NHK放送センター

 昨年5月のNHKの発表によれば、受信料の推計世帯支払率は81.2%(全国値)。これは公表が始まって以来最高の数字だが、これを“100%”にする案が登場し、物議を醸している。

 NHKの受信料は、自宅にテレビがあれば払うのが建前。しかし近年浮上した問題が、スマートフォンやタブレットでの視聴だ。昨年の放送法改正により、NHKはすべての番組をネットで配信することが認められ、3月1日からネット配信サービス「NHKプラス」がスタート。テレビでNHKを見る人とネットでNHKを見る人との間で、受信料を払う/払わないの不公平が生じるため、NHKと管轄官庁の総務省が動いた。
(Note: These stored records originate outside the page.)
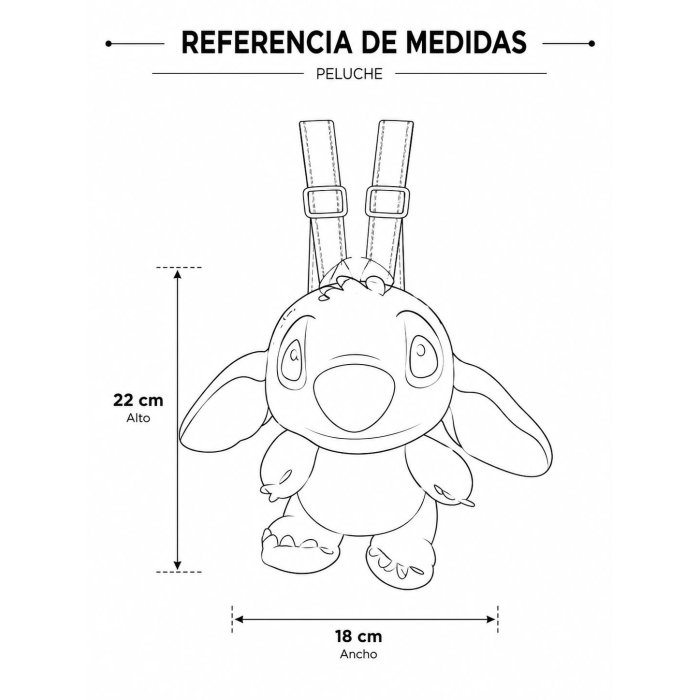 Mochila de Peluche Infantil con Diseño de Personajes del Momento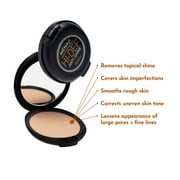 MËNAJI Anti-Shine Powder (HDPV) - Anti-Shine Face Make-Up for Men - Natural Looking Makeup - Mens Cosmetics - Medium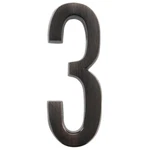 Hillman Distinctions 4-IN. Adhesive Bronze House Number 3. Fixed Price $11.95.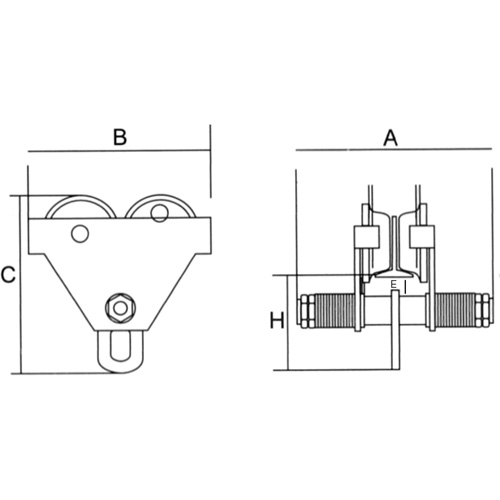 Chariot r&eacute;glable avec plaques de s&eacute;curit&eacute;, 1000 lb (0,5 tonne) Nuna Depot Inc.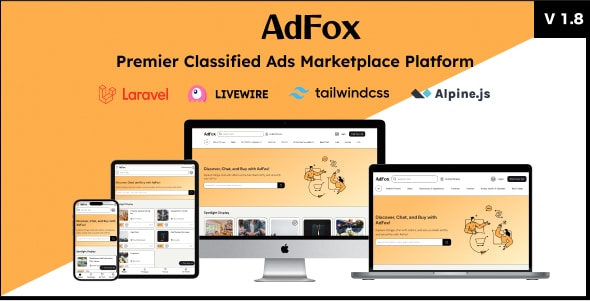 AdFox  PWA Classified Ads with App-Like Mobile &amp; Web Interface | Multi-Purpose Marketplace Solution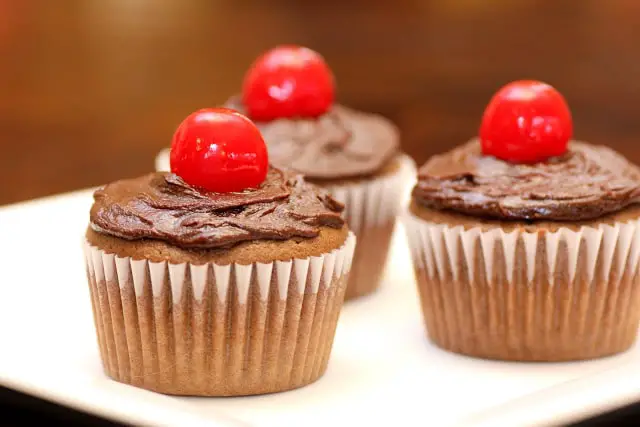 diabetic black forest cupcakes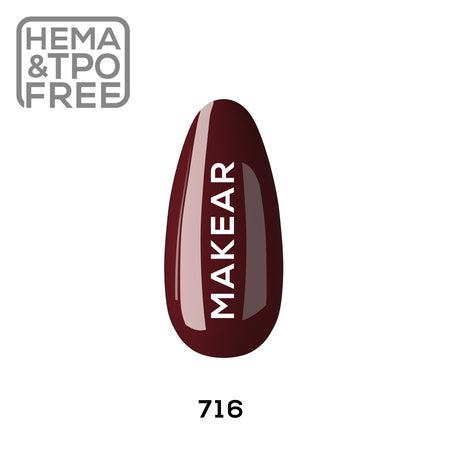 Gel Polish 716 - Glamour Série - 8ml - MakeAR™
日本経済新聞が3月4日に報じた「NHK受信料見直し、総務省検討 『全世帯対象』も」という記事によれば、「テレビの有無にかかわらず全世帯が負担するドイツのような仕組みも含め幅広く検討する」というのだ。キー局の関係者がいう。

「現在の受信料制度に限界があるのは認めます。テレビがあれば受信料が生じるのに、スマホで見ればタダなら、テレビ所有者が“タダ乗り”するスマホユーザーのコストを肩代わりするということ。ただ、全世帯が支払い対象になるなら、それはもはや税金です。それならば、平均1000万円超もある局員の給与を公務員並にすることが先でしょう。民放がスポンサー探しにあくせくしているのに、何の企業努力も無く『テレビだけだと不公平だから、いっそ全世帯が支払え』とは、呆れた話しです」

 なかなかクローズアップされる機会がないが、給与水準が高いマスコミ業界の中でもNHKは特に高く、40代になれば年収1,000万円は下らない。NHKは受信料の徴収費用で年間約800億円を投じており、全世帯徴収となればこれは丸々浮くが、それが実現すればテレビもスマホもない家からも受信料を取ることにもなる。

そんなことが許されるのか? フリーのジャーナリストが日経の記事の“からくり”を語る。
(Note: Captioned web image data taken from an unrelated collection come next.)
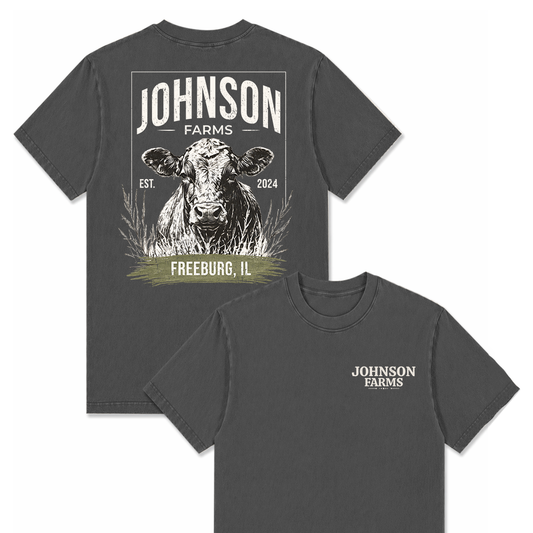 CATTLE FARM CUSTOM SHIRT BACK PRINT C21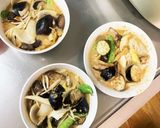 肉無チクワきな粉味噌カツ丼味野菜炒め作り方17写真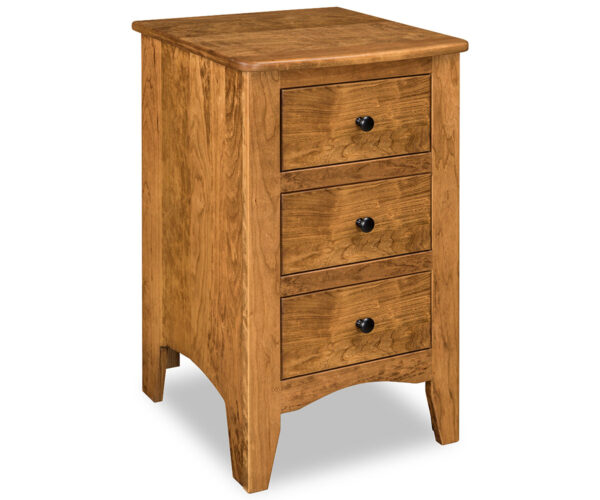 Carlston 3 Drawer Nightstand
「ネットではこのニュースはかなり話題になりましたが、これは典型的な“観測気球”の記事で、官僚が意図的にマスコミにリークしたものです。NHKや総務省は、何とか全世帯から受信料を徴収したいが、反発は必至。そこで、どの程度反発があるかを探るため、なじみの日経の記者に情報を流したのでしょう。
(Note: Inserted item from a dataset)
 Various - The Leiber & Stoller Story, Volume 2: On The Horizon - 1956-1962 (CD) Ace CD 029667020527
 何よりの証拠は、日経しかこのニュースを報じていないことです。新聞は“特オチ”(他社が掴んだニュースを掴めないこと)をとにかく嫌うもの。

他社から追記事が出ないものは、間違いなく観測気球です。ただ、世間はここでしっかり反発しておかないと、官僚たちは“イケる”と思い、どんどん事を進めてしまうので、きちんと批判の声をあげることは大事だと思います」

 記事の意図は分かったが、“上級国民”の思惑に振り回される庶民にとっては不愉快極まりない話し。「NHKをぶっ壊す」と唱えるだけで、選挙に当選してしまう人物が出てくるのも当たり前なのかもしれない。